The users debated what they should recommend to the SP100 meeting. It’s useful to follow their line of reasoning as they investigated each of their three alternatives:
How can both of these networks operating in the same 2.4 GHz frequency band avoid interference with each other? Analysis of the proposed Data Link Layer (DLL) services document for SP100.11a shows a well-conceived method for avoiding interference from other devices sharing the same 2.4 GHz spectrum in the plant including WirelessHART, ZigBee and WiFi. ZigBee doesn’t use channel-hopping; therefore, SP100 will dynamically avoid any ZigBee channel in frequent use. SP100’s 15-16 channels are designed to avoid overlap with any WiFi channels that may interfere. Although WirelessHART and SP100 use the same channels, and both use channel-hopping, the channel-hopping sequences are not the same. This means that any interference will result in the SP100 device retrying that message on a different channel that isn’t likely to be the same as the next channel used by WirelessHART. For these reasons, WirelessHART and SP100 will most likely coexist without problems in most situations.

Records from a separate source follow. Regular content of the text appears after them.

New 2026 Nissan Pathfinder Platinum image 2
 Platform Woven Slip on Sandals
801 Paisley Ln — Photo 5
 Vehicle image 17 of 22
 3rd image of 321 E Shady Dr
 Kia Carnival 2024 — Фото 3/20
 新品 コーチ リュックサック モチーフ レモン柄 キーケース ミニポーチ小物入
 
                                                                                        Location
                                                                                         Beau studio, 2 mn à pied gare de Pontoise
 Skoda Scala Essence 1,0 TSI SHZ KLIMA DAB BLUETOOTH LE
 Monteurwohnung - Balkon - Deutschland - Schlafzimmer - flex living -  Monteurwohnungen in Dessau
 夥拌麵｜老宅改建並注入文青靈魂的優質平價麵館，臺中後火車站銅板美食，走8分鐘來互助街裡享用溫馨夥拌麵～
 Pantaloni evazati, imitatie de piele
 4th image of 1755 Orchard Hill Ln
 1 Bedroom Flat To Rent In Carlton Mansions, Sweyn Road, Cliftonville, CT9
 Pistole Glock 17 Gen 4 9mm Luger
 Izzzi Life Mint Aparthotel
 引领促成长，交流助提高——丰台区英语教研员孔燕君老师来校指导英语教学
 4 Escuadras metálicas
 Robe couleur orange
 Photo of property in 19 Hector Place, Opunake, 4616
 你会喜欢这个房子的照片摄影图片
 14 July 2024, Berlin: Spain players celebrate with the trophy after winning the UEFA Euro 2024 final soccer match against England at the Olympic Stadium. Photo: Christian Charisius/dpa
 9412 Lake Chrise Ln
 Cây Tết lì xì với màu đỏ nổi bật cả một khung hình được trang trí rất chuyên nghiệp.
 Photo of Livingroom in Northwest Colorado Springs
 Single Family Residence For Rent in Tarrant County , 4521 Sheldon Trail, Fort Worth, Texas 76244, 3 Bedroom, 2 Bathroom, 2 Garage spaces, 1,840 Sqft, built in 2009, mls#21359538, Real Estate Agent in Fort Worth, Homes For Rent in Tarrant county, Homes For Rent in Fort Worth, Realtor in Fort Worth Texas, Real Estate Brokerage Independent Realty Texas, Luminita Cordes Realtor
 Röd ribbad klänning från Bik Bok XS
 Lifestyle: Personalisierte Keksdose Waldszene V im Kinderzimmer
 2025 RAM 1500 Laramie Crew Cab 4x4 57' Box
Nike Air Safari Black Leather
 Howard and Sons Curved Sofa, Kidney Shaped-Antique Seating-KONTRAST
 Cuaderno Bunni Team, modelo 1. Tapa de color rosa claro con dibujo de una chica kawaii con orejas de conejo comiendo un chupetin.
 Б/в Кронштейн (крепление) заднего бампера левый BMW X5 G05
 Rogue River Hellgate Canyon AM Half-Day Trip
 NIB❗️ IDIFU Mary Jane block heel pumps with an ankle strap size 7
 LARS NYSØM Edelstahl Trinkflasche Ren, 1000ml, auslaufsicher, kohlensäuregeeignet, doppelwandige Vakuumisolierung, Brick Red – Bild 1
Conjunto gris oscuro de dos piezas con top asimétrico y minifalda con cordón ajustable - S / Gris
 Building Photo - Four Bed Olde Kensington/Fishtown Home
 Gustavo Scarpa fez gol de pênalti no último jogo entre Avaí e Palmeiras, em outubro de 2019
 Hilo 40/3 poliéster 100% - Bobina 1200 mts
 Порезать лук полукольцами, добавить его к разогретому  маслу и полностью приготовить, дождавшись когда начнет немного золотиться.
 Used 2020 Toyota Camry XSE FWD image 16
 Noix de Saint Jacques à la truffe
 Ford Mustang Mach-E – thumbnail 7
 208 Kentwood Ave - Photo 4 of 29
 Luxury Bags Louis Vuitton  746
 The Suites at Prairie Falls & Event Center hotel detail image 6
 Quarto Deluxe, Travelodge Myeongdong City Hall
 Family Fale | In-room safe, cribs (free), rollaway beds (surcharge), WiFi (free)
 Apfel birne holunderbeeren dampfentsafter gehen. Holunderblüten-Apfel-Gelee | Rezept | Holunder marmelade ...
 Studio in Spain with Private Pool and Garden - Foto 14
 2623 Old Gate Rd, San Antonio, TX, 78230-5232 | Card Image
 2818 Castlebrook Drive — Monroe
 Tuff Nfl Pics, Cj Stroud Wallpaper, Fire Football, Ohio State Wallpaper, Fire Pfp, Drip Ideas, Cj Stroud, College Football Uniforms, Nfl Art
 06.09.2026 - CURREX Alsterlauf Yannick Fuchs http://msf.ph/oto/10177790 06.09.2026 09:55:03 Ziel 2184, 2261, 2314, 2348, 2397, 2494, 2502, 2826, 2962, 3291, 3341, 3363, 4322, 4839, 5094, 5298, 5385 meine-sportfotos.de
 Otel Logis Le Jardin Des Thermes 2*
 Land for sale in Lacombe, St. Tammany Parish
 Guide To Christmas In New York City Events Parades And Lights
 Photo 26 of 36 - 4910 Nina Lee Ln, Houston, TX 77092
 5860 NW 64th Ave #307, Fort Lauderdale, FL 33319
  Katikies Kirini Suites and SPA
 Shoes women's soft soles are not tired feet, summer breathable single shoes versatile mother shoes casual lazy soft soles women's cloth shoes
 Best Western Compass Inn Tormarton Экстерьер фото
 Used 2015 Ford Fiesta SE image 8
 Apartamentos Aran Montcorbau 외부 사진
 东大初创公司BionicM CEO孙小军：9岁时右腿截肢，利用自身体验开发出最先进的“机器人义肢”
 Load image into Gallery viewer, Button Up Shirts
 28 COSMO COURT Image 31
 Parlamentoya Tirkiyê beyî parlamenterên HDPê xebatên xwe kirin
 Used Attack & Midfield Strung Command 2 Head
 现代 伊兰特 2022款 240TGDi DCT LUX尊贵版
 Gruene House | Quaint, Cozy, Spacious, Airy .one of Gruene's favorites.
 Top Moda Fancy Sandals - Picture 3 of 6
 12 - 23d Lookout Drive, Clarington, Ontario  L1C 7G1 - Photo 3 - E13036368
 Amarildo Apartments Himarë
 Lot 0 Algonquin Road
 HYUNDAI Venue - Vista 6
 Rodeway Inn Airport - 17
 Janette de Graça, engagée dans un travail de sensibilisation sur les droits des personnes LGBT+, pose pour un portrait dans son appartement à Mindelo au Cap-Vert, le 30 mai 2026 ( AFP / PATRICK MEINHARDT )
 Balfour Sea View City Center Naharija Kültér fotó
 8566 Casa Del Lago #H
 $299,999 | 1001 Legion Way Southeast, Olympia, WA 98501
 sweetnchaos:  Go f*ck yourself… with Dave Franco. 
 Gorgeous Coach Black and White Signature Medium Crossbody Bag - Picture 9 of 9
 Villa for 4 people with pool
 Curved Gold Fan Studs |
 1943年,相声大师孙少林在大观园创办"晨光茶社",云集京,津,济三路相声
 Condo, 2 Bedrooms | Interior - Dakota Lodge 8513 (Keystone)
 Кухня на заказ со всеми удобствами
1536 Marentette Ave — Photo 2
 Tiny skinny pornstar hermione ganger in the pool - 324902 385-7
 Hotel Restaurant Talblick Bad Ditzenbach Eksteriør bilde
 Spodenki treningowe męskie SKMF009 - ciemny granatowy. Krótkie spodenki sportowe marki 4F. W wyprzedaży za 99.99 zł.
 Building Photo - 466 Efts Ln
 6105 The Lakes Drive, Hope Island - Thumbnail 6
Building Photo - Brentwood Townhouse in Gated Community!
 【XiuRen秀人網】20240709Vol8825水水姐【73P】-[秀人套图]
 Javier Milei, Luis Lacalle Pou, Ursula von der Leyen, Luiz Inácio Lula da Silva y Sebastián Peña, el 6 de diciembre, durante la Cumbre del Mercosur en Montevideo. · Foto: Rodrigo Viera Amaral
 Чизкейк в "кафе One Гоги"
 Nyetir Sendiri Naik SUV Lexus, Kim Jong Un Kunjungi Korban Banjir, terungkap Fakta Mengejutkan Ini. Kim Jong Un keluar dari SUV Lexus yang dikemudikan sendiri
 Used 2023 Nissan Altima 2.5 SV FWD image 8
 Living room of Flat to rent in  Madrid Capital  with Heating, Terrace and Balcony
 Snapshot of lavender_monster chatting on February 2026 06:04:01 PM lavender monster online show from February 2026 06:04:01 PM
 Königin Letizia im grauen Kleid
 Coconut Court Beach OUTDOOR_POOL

The User Working Group has now agreed to make no recommendations to SP100 or to WirelessHART regarding the potential competition for bandwidth in their plants. The situation, while not meeting the group’s basic requirement for a single wireless protocol, is tolerable and will usually cause only limited problems on an application-by-application basis. Early adopters who do experience any problems will complain to their suppliers, who are expected to make changes to resolve any problems that do actually appear, either by channel assignment or by future revisions of their products.
During the debate on WirelessHART, the point was made that SP100 is intended to be a single “universal” network for the wireless transport of information from all types of industrial wired protocols including HART, Foundation Fieldbus H1 and HSE, Profibus’ PA, DP and Profinet, and Modbus RTU and TCP.